Names <- data.frame(A = LETTERS[1:6], B = c("Stan", "Mary", "Mari", "Alex", "Alexa", "Bob"))
nr <- nrow(Names)
for(i in 1:(nr-1)) {
eq <- adist(Names[i,2],Names[i+1,2], counts=TRUE)
dim(eq)
if(eq < 3L & eq > 0L) {
cat(sprintf(" %d %s %s \n",eq,Names[i,2],Names[i+1,2]))
}
}
#> 1 Mary Mari
#> 1 Alex Alexa
Created on 2020-04-23 by the reprex package (v0.3.0)
ROBV
April 23, 2020, 5:33pm
3
Indeed these brackets make it work, good to know, thanks
ROBV
April 24, 2020, 1:45pm
4
The exact copy indeed works, but as soon I add something to the script it fails again, see example:
j <- 1L
> nr <- nrow(names)
>
> for(i in 1:(nr-1))
+ {
+ eq <- adist(names[i,2],names[i+1,2], counts=TRUE)
+ dim(eq)
+ if(eq<3L & eq>0L)
+ {
+ cat(sprintf(" %3d %20s %20s/n",j,names[i,2], names[i+1,2]))
+ j <- j+1
+ }
+ }
Error in if (eq < 3L & eq > 0L) { : missing value where TRUE/FALSE needed
FJCC
April 24, 2020, 2:38pm
5
I copied your code and ran it without a problem (after I removed the + and > symbols inserted by the console, of course).
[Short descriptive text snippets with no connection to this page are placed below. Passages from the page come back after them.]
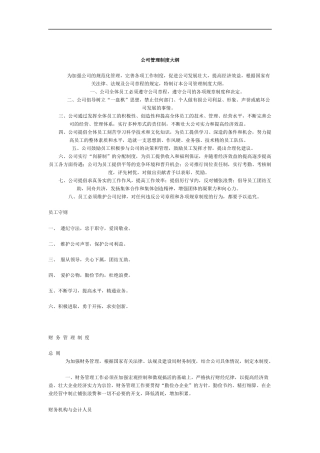 公司管理制度大纲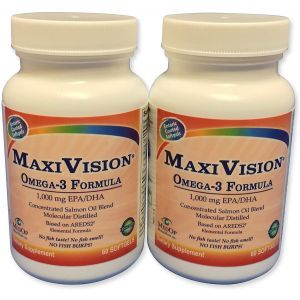 Омега-3 для здоровья глаз, Omega-3 Formula, MedOp MaxiVision, 2 бутылки по 60 гелевых капсул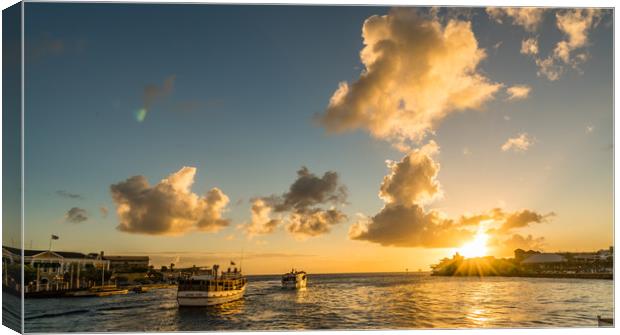 Sunset on the floating bridge       Curacao views Canvas Print by Gail Johnson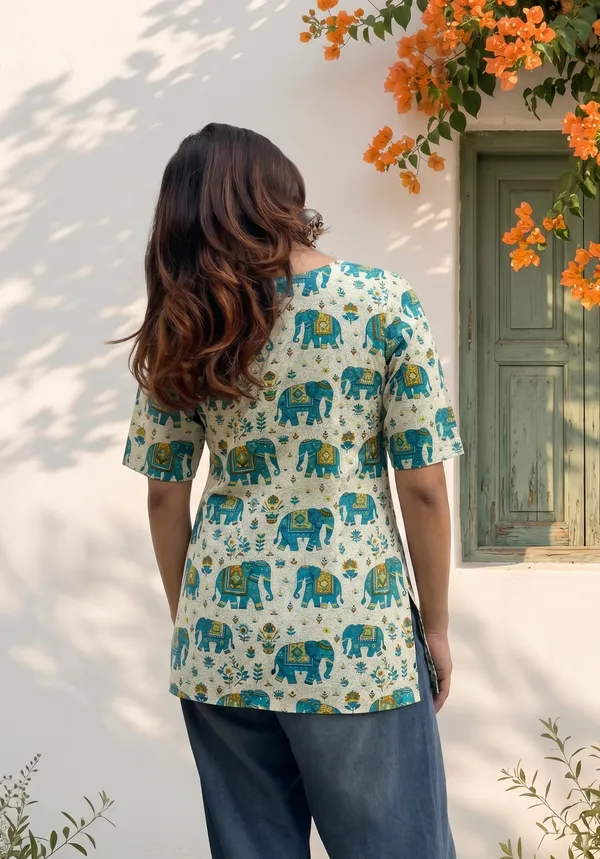 White_Cotton_Elephant_Print_V-Neck_Short_Kurti_For_Women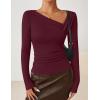 imageZESICA Womens Long Sleeve Asymmetrical Neck Ruched Slim Fit Shirts 2025 Fall Fashion Casual Tee Going Out TopsWine Red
names <- data.frame(A = LETTERS[1:6], B = c("Stan", "Mary", "Mari", "Alex", "Alexa", "Bob"))
j <- 1L
nr <- nrow(names)
for(i in 1:(nr-1))
{
eq <- adist(names[i,2],names[i+1,2], counts=TRUE)
dim(eq)
if(eq<3L & eq>0L)
{
cat(sprintf(" %3d %20s %20s/n",j,names[i,2], names[i+1,2]))
j <- j+1
}
}
#> 1 Mary Mari/n 2 Alex Alexa/n
Created on 2020-04-24 by the reprex package (v0.3.0)
offering a way to do the same analysis that doesnt require loop management
library(tidyverse)
names <- data.frame(
A = LETTERS[1:6],
B = c("Stan", "Mary", "Mari", "Alex", "Alexa", "Bob"), stringsAsFactors = FALSE
)
n1 <- mutate(names,
C = lead(B)
)
n2 <- rowwise(n1) %>%
mutate(adist = adist(B, C, counts = TRUE)) %>%
filter(between(adist, 0, 3))
# > n2
# Source: local data frame [2 x 4]
# Groups: <by row>
#
# # A tibble: 2 x 4
# A B C adist
# <chr> <chr> <chr> <dbl>
# B Mary Mari 1
# D Alex Alexa 1
system
Closed
May 15, 2020, 3:27pm
7
This topic was automatically closed 21 days after the last reply. New replies are no longer allowed.